Mines Researcher Adds to Study on Oyster Tissue Abnormalities

An oyster cluster collected on the coast of Louisiana by Dr. Laurie Anderson as part of a study on the long-term impact of the Deepwater Horizon Oil Spill

This South Dakota Mines Research Blog article is based on a press release from the California Academy of Sciences published here.

On April 20, 2010, the Deepwater Horizon (DWH) petroleum drilling rig exploded off the coast of Louisiana, resulting in the world’s worst oil spill in history with more than 4 million barrels of oil released into the Gulf of Mexico. Though the short-term impact of the oil spill on local wildlife was widely researched among scientists and discussed in the media, there has been relatively little research on the long-term effects of the disaster.

Laurie Anderson, Ph.D, professor and head of the Department of Geology and Geological Engineering at South Dakota Mines, collected Eastern Oysters from the Gulf Coast. A second set of oysters was collected from the Chesapeake Bay area that were unaffected by the Deepwater Horizon oil spill.

 “We were able to collect live specimens of common coastal species of snails, mussels, and oysters after the spill but prior to landfall of the spill throughout coastal Louisiana and Dauphin Island, Ala.,” says Anderson.

Anderson joined other researchers from the California Academy of Sciences, Nova Southeastern University (NSU) and Kent State University in a new paper published in PLOS ONE.  The team of researchers show that the Eastern Oysters from the Gulf Coast have significantly higher rates of metaplasia—a condition that can cause debilitating tissue abnormalities—than those from a region unaffected by the DWH oil spill, even several years after the event, raising concerns about the health of the economically and ecologically important species.

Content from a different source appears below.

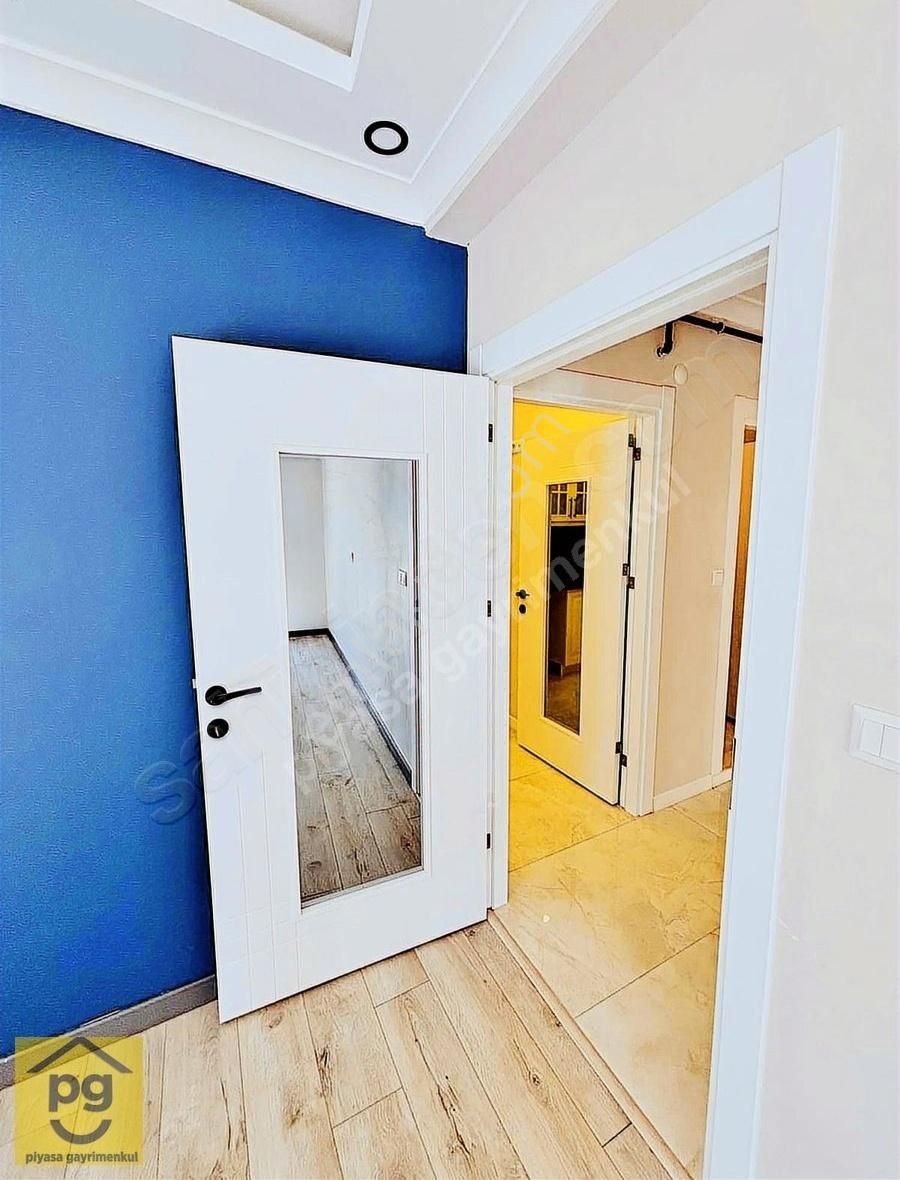 Piyasa Gayrimenkulden Marinaya Komşu Keyifli 2+1 Büyük Bahçe Kat - Görsel 16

“It’s worrying to find such a high incidence of metaplasia,” says study author and the California Academy of Sciences Curator of Invertebrate Zoology and Geology Peter Roopnarine, Ph.D. “Eastern Oysters are not only a major link in the ecosystem’s food chain, they are also ecosystem engineers, forming oyster reefs that shelter other organisms and protect coastal areas from storm surges.”

Metaplasia is a reversible condition where some of an organism’s differentiated cells change type due to stress from the environment. Since differentiated cells have specialized roles, like how the cells in our gut facilitate nutrient uptake, changing into a different type can inhibit the organism’s overall health.

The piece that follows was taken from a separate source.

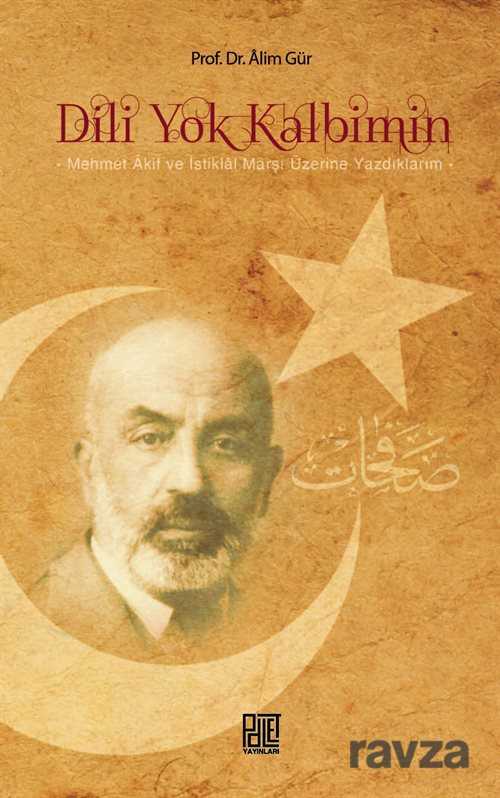 Dili Yok Kalbimin - Palet Yayınları (Konya)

“In humans, metaplasia is commonly found in lung cells exposed to the extreme stress of cigarette smoke,” says lead author and NSU professor Deanne Roopnarine, DPM. “When my brother Peter mentioned he was researching the impact of the Deepwater Horizon oil spill on oysters, I wondered whether they might show signs of metaplasia or other histological impacts and ultimately joined the project.”

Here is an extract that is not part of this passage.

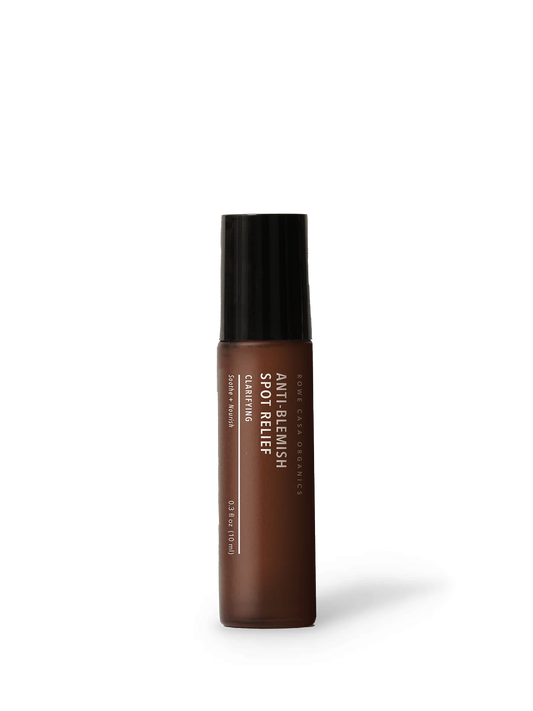 Clarifying Anti-blemish Spot Relief | 10 Ml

The oysters collected by Anderson were sent to Professor Deanne Roopnarine and her undergraduate lab students, who spent months shucking them, sectioning out their internal tissues, fixing the tissues to slides and staining the slides to compare the cellular structures between Eastern oysters from the Gulf Coast and those from Chesapeake Bay that were unaffected by the DWH oil spill. 

The researchers found that oysters from the Gulf of Mexico study sites had significantly higher rates of metaplasia along their digestive and respiratory tracts than those from Chesapeake Bay, including oysters sampled as late as 2013, three years after the DWH oil spill.

“The differences we found between the oysters was devastating,” Professor Deanne Roopnarine says. “Those from Chesapeake Bay had beautiful ciliated gills, which they use to help filter food particles, while some from the Gulf Coast had no cilia at all. When I saw that I thought, how are these animals feeding and surviving?”

One theory for how the oysters might be surviving is that they have adapted to live with metaplasia and other impacts from the petroleum extraction industry, which has been operating in the region for nearly a century.

Without tissue samples from Eastern oysters prior to the DWH oil spill, however, the researchers say there is insufficient baseline data to determine whether or not the rates of metaplasia in Gulf Coast populations were directly affected by the event.

“Detecting the direct effects of the DWH spill would be difficult, even with pre-spill specimens, as both the spill and the recovery response, such as the large-scale release of freshwater into coastal areas, were environmental stressors for the oysters,” Anderson says.

The research team hopes that their results inspire deeper, longer-term monitoring efforts for Eastern oysters and other important but often overlooked species along the Gulf Coast that could be negatively impacted by continued oil spills in the region, like those being reported in the aftermath of Hurricane Ida.

“As long as we continue extracting petroleum from our planet’s oceans, we will continue to expose coastal ecosystems to contamination,” Curator Peter Roopnarine says. “Hopefully this study and its samples—which are now stored in the Academy’s scientific collections for future researchers to use—will lead to a better understanding of how oil spills are directly impacting those communities.”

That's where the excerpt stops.